Omit all pictures. Reproduce exactly the lines from the first line of the records below through the line with "Comment lire un".

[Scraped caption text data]
=======
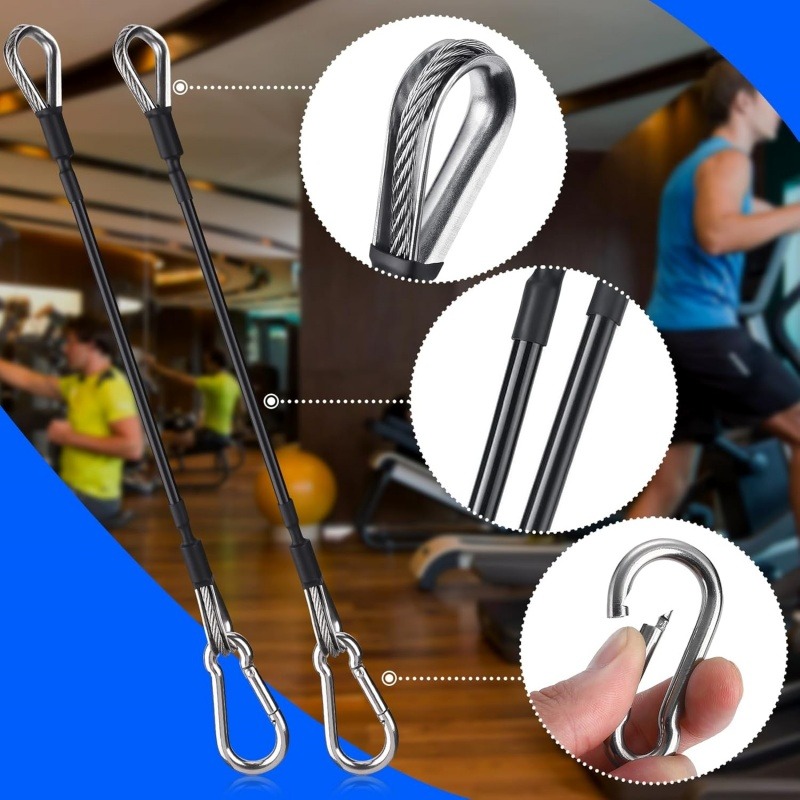 1/2Pcs 25cm Gym Cable Extensio - Home Gym Mma ulasan dan harga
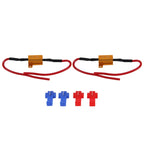 2 PCS Car Canbus Error Canceller Decoder Load Resistor LED 10W 39 Ohm No Blinking Decoder, 10W 39 Ohm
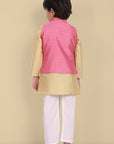 Boys Golden Kurta and Pajama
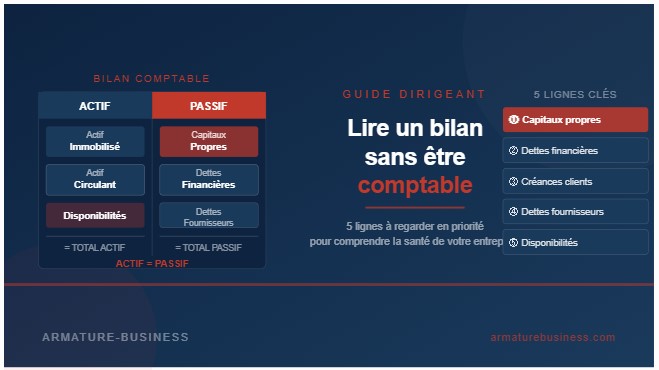 Comment lire un bilan quand on n'est pas comptable ?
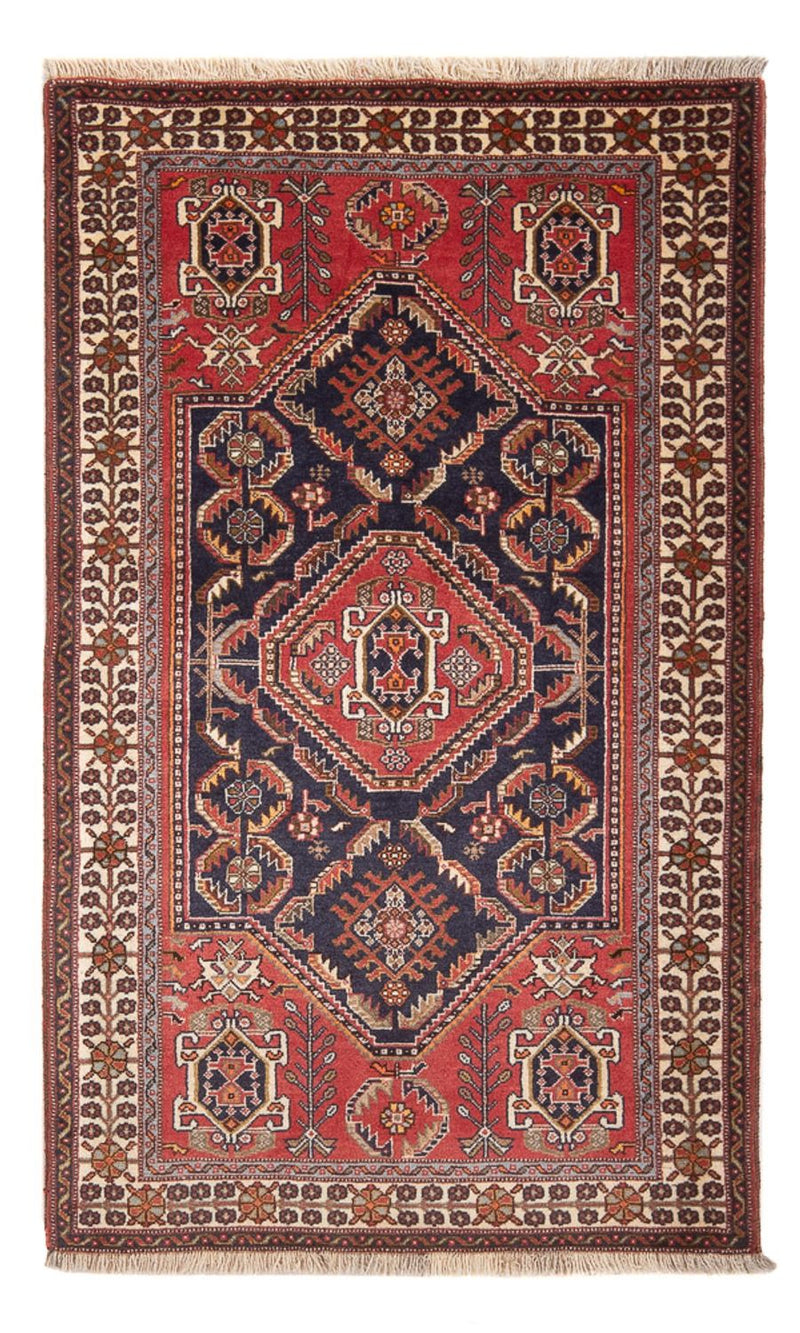 Tapis Gabbeh - Persan Kashkuli - 152 x 82 cm - bleu foncé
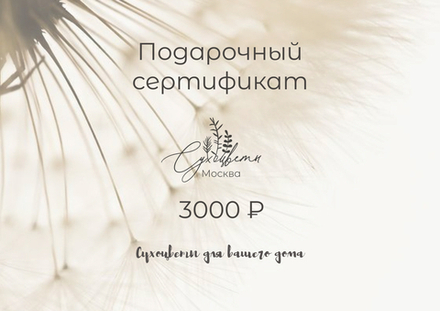 Подарочный сертификат 3 000 рублей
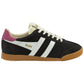 Elan Trainer Black/Off White/Fuchsia Sneaker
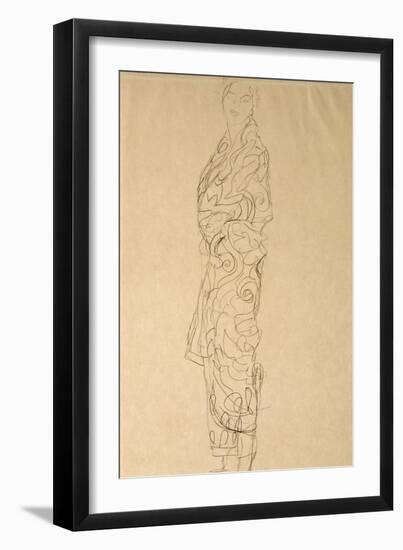 Woman in a Kimono-Gustav Klimt-Framed Giclee Print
=======
• **RESPONSE AREA**:
 1/2Pcs 25cm Gym Cable Extensio - Home Gym Mma ulasan dan harga
 2 PCS Car Canbus Error Canceller Decoder Load Resistor LED 10W 39 Ohm No Blinking Decoder, 10W 39 Ohm
 Boys Golden Kurta and Pajama
 Comment lire un bilan quand on n'est pas comptable ?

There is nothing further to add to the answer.